■ TASK GOAL
Give back all of the records exactly.

Entries taken from a collection:
▼
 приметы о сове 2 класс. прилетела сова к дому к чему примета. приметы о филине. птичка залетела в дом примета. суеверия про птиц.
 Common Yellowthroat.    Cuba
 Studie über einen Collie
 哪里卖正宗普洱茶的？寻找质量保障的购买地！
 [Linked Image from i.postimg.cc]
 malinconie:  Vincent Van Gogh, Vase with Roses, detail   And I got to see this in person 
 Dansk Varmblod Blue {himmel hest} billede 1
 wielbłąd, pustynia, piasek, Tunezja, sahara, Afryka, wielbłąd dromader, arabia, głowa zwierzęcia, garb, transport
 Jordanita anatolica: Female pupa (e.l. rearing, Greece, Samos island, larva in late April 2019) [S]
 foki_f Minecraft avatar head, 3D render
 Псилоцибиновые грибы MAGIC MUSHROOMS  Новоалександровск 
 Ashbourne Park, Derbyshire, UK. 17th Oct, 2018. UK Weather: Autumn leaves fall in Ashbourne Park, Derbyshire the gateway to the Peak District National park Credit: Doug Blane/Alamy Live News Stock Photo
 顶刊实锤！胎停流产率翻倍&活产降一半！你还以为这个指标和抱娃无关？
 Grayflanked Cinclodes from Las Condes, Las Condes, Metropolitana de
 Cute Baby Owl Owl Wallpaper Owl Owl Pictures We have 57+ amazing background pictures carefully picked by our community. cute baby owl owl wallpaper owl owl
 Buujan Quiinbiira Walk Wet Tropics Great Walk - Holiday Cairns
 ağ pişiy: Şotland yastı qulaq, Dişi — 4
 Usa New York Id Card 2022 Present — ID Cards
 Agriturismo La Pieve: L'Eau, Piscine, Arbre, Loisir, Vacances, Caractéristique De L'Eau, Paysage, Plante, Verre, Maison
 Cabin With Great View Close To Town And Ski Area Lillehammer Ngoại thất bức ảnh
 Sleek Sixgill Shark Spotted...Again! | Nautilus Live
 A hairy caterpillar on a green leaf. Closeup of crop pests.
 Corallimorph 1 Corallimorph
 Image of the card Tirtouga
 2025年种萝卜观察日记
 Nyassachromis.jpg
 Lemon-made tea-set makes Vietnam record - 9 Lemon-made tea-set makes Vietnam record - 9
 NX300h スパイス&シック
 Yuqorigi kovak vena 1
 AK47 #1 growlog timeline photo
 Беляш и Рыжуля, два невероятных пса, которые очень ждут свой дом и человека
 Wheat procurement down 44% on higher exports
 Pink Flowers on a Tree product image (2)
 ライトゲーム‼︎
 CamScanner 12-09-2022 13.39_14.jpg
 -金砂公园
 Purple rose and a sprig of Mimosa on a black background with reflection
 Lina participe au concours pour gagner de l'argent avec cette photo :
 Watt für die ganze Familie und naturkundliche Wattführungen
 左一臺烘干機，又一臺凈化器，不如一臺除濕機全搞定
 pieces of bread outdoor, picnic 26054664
▲
■ RESULT
 приметы о сове 2 класс. прилетела сова к дому к чему примета. приметы о филине. птичка залетела в дом примета. суеверия про птиц.
 Common Yellowthroat.    Cuba
 Studie über einen Collie
 哪里卖正宗普洱茶的？寻找质量保障的购买地！
 [Linked Image from i.postimg.cc]
 malinconie:  Vincent Van Gogh, Vase with Roses, detail   And I got to see this in person 
 Dansk Varmblod Blue {himmel hest} billede 1
 wielbłąd, pustynia, piasek, Tunezja, sahara, Afryka, wielbłąd dromader, arabia, głowa zwierzęcia, garb, transport
 Jordanita anatolica: Female pupa (e.l. rearing, Greece, Samos island, larva in late April 2019) [S]
 foki_f Minecraft avatar head, 3D render
 Псилоцибиновые грибы MAGIC MUSHROOMS  Новоалександровск 
 Ashbourne Park, Derbyshire, UK. 17th Oct, 2018. UK Weather: Autumn leaves fall in Ashbourne Park, Derbyshire the gateway to the Peak District National park Credit: Doug Blane/Alamy Live News Stock Photo
 顶刊实锤！胎停流产率翻倍&活产降一半！你还以为这个指标和抱娃无关？
 Grayflanked Cinclodes from Las Condes, Las Condes, Metropolitana de
 Cute Baby Owl Owl Wallpaper Owl Owl Pictures We have 57+ amazing background pictures carefully picked by our community. cute baby owl owl wallpaper owl owl
 Buujan Quiinbiira Walk Wet Tropics Great Walk - Holiday Cairns
 ağ pişiy: Şotland yastı qulaq, Dişi — 4
 Usa New York Id Card 2022 Present — ID Cards
 Agriturismo La Pieve: L'Eau, Piscine, Arbre, Loisir, Vacances, Caractéristique De L'Eau, Paysage, Plante, Verre, Maison
 Cabin With Great View Close To Town And Ski Area Lillehammer Ngoại thất bức ảnh
 Sleek Sixgill Shark Spotted...Again! | Nautilus Live
 A hairy caterpillar on a green leaf. Closeup of crop pests.
 Corallimorph 1 Corallimorph
 Image of the card Tirtouga
 2025年种萝卜观察日记
 Nyassachromis.jpg
 Lemon-made tea-set makes Vietnam record - 9 Lemon-made tea-set makes Vietnam record - 9
 NX300h スパイス&シック
 Yuqorigi kovak vena 1
 AK47 #1 growlog timeline photo
 Беляш и Рыжуля, два невероятных пса, которые очень ждут свой дом и человека
 Wheat procurement down 44% on higher exports
 Pink Flowers on a Tree product image (2)
 ライトゲーム‼︎
 CamScanner 12-09-2022 13.39_14.jpg
 -金砂公园
 Purple rose and a sprig of Mimosa on a black background with reflection
 Lina participe au concours pour gagner de l'argent avec cette photo :
 Watt für die ganze Familie und naturkundliche Wattführungen
 左一臺烘干機，又一臺凈化器，不如一臺除濕機全搞定
 pieces of bread outdoor, picnic 26054664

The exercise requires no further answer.